Martin Zabaleta est le premier espagnol à avoir gravi l'Everest. C'était en 1980. Il faisait alors partie d'une expédition basque de 12 personnes et il est le seul avec Pasang Temba Sherpa à s'être hissé au sommet, au bout de la troisième tentative.
Les deux hommes ont été réunis 44 ans plus tard. Ils ont été honorés par l'Athletic Bilbao et ont donné le coup d'envoi de le rencontre face à l'Espanyol, samedi au stade San Mamés. Le club a tenu à célébrer «les héros ayant amené le drapeau basque sur le toit du monde», à l'occasion du centenaire de la Fédération basque d'alpinisme.

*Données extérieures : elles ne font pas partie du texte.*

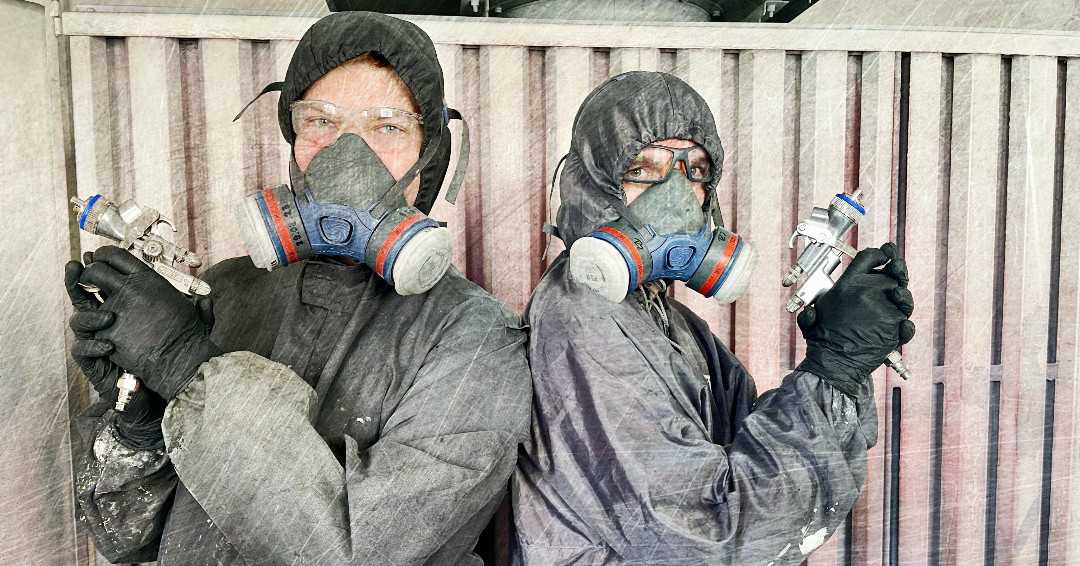 Eine sorgfältige Vorbereitung der Teile, hochwertige Ausstattung und engagierte Lackierer sind Voraussetzung für perfekte Oberflächen. 
#werkstattblick #schneidwerkhohl #werbetechnik #interiordesign #3dbuchstaben #cutoutletters #metallbuchstaben #premiumqualität #madeingermany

Or Bilbao a omis de préciser dans son communiqué un élément important. Le fait que Martin Zabaleta ait brandi durant son expédition un drapeau basque sur lequel était apposé le logo du groupe séparatiste basque ETA. Un emblème antinucléaire était également accolé, de manière à contester la création d'une centrale à Lemoiz, le long de l'Atlantique.
Après les honneurs, ceux entourant l'ascension et l'exploit sportif, les Espagnols avaient déchanté à la vue du drapeau. Zabaleta, lui, avait assuré «assumer personnellement» les symboles portés dans l'Himalaya.
Cette année 1980 a été l'une des plus violentes en Espagne. 90 personnes ont été tuées par le groupe terroriste ETA entre le 1er janvier et le 31 décembre. Avant la réussite de Zabaleta le 14 mai, 26 avaient déjà perdu la vie, parmi lesquelles des civils, dont José María Piris, premier enfant tué par l'ETA. Il avait 13 ans lorsqu'il jouait dans la rue et qu'une charge placée sous la voiture d’un agent de la Guardia Civil déchiqueta son corps.
En Espagne, cette volonté de l'Athletic Bilbao de rendre hommage à Martin Zabaleta et Pasang Temba Sherpa a suscité l'indignation, y compris parmi certains supporters de l'Athletic Bilbao. Or le club a maintenu les célébrations, plaçant au premier plan la performance sportive, l'identité basque et l'alpinisme, une discipline profondément ancrée dans la culture locale.
Samedi, San Mamés dans sa grande majorité a donc chaudement applaudi Martin Zabaleta et Pasang Temba Sherpa à leur entrée dans l'arène. Le public s'est levé et a entonné «Ikusi Mendizalea», une chanson basque souvent fredonnée en montagne. Les joueurs de l'Athletic Bilbao se sont réunis au centre de la pelouse et ont salué les alpinistes. Seuls les footballeurs et les supporters de l'Espanyol n'ont pas réagi.
Ces images n'étaient pas visibles à la télévision. A la demande de la ligue, la réalisation a montré dans le même temps une vue aérienne de San Mamés. Cela n'a pas empêché l'indignation de monter parmi les associations des victimes du terrorisme, la classe politique, les médias, les internautes ou encore le syndicat de la Garde civile (JUCIL). Ce dernier a dénoncé un hommage «authentiquement absurde». «Même si Zabaleta n'est pas un terroriste, il a glorifié au sommet de l'Everest un mouvement qui l'était, en 1980, année particulièrement violente», a ajouté le porte-parole de l'organisation.
Côté sport enfin, il n'y a pas eu match. L'Athletic Bilbao menait 4-0 dès la 55e minute puis a concédé un but dans le temps additionnel. Victoire 4-1 des locaux, sous les yeux du duo Martin Zabaleta et Pasang Temba Sherpa.